ENTRIES SUPPLIED:
= Beginning of Section =

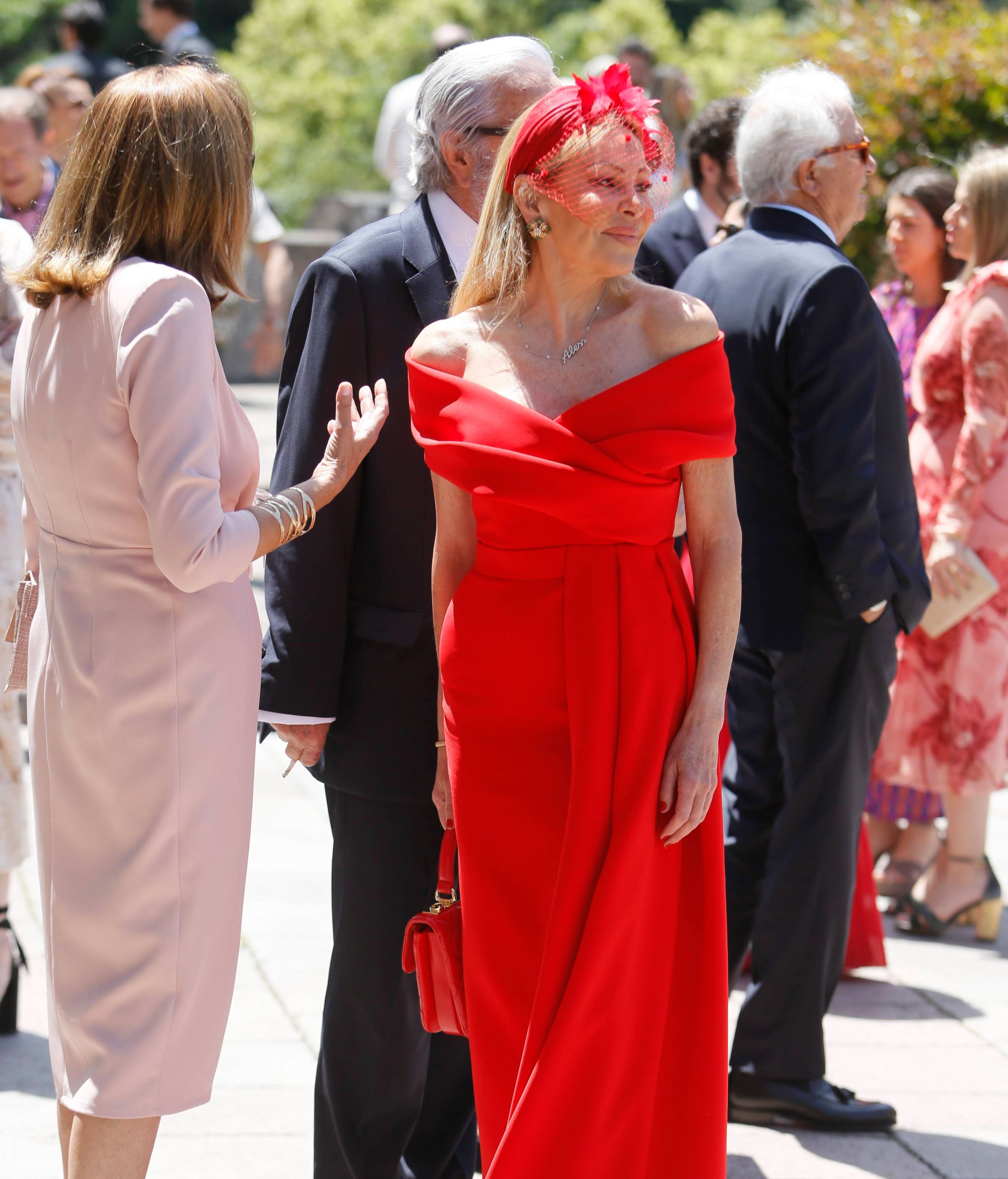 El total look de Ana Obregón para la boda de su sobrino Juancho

= End of Section =
= Beginning of Section =

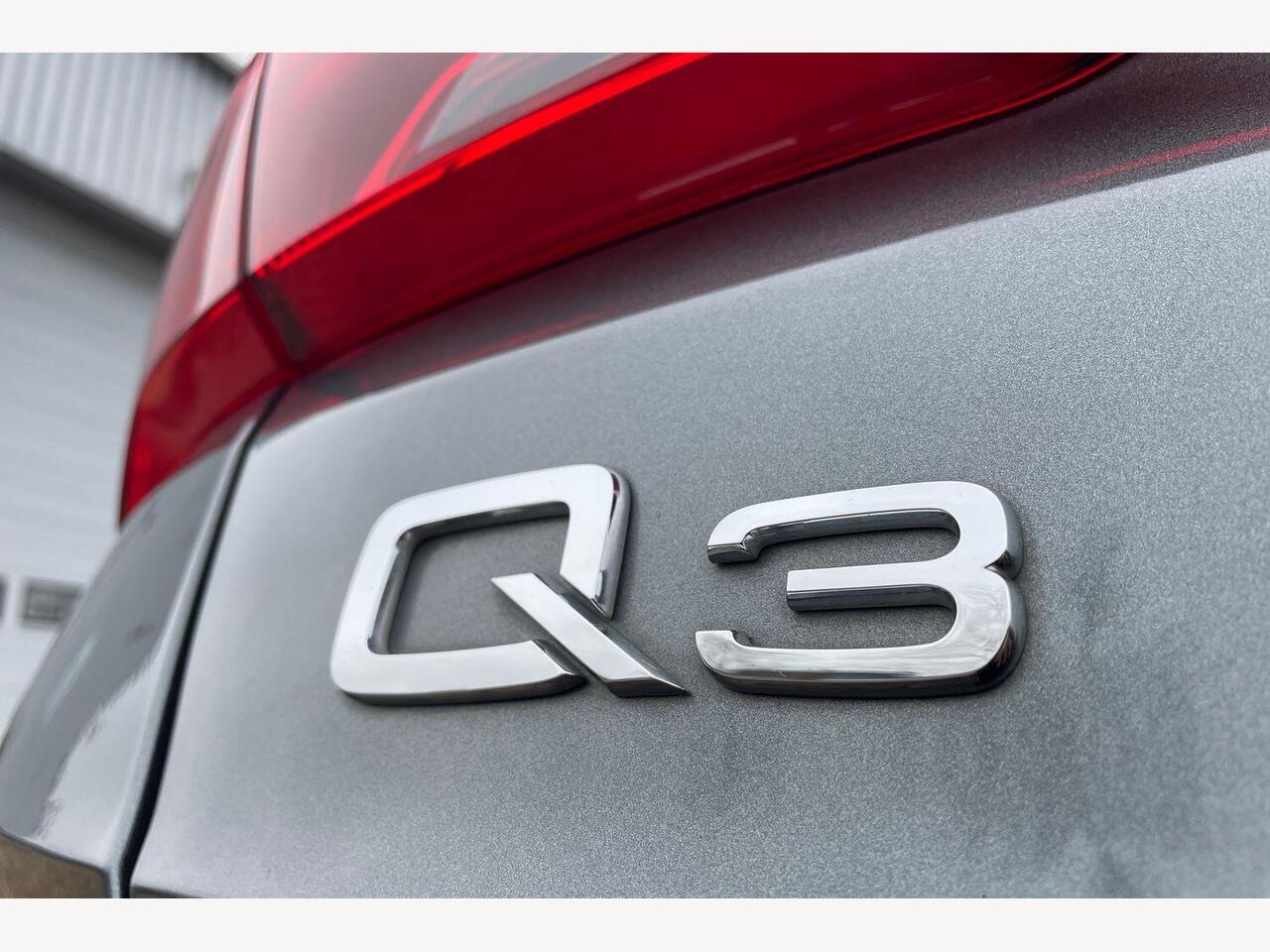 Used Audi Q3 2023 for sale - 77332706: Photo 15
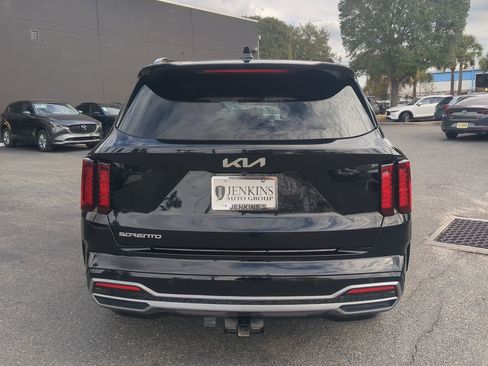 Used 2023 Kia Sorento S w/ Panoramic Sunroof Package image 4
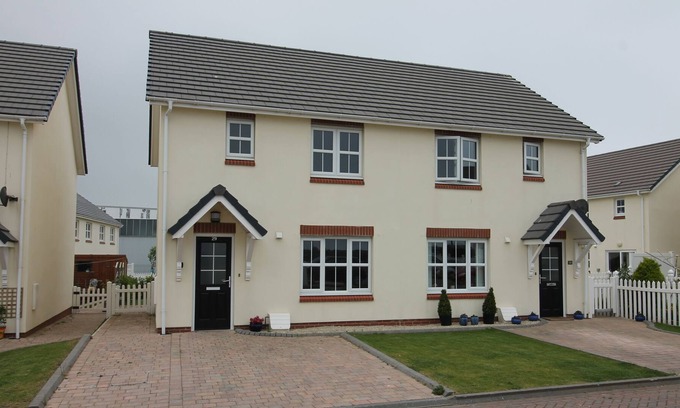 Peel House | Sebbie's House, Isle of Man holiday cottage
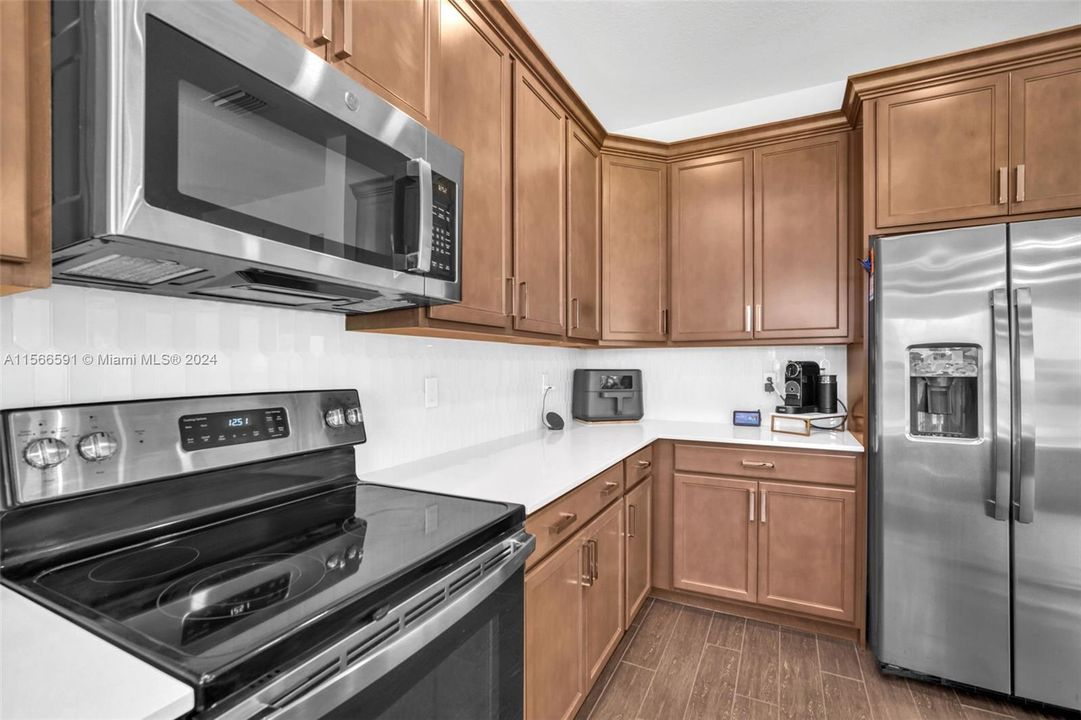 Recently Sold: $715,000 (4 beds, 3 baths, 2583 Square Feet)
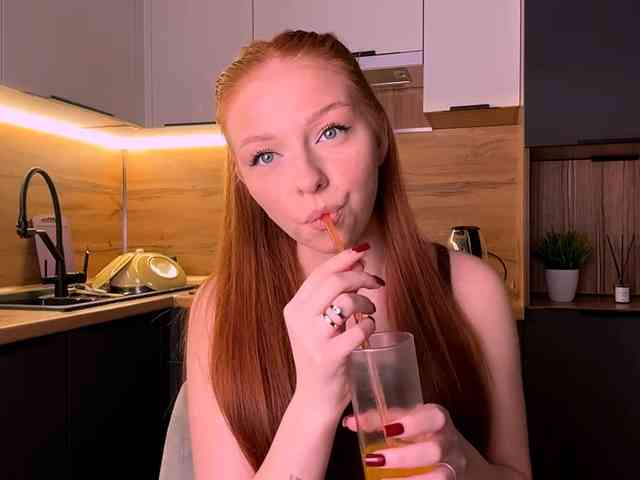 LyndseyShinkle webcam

= End of Section =

TASK REQUIREMENTS: Exact copy, pictures excluded: every line above from the one containing "Peel House |" to the one containing "LyndseyShinkle webcam", inclusive, and nothing more.

TASK ANSWER:
 Peel House | Sebbie's House, Isle of Man holiday cottage
 Recently Sold: $715,000 (4 beds, 3 baths, 2583 Square Feet)
 LyndseyShinkle webcam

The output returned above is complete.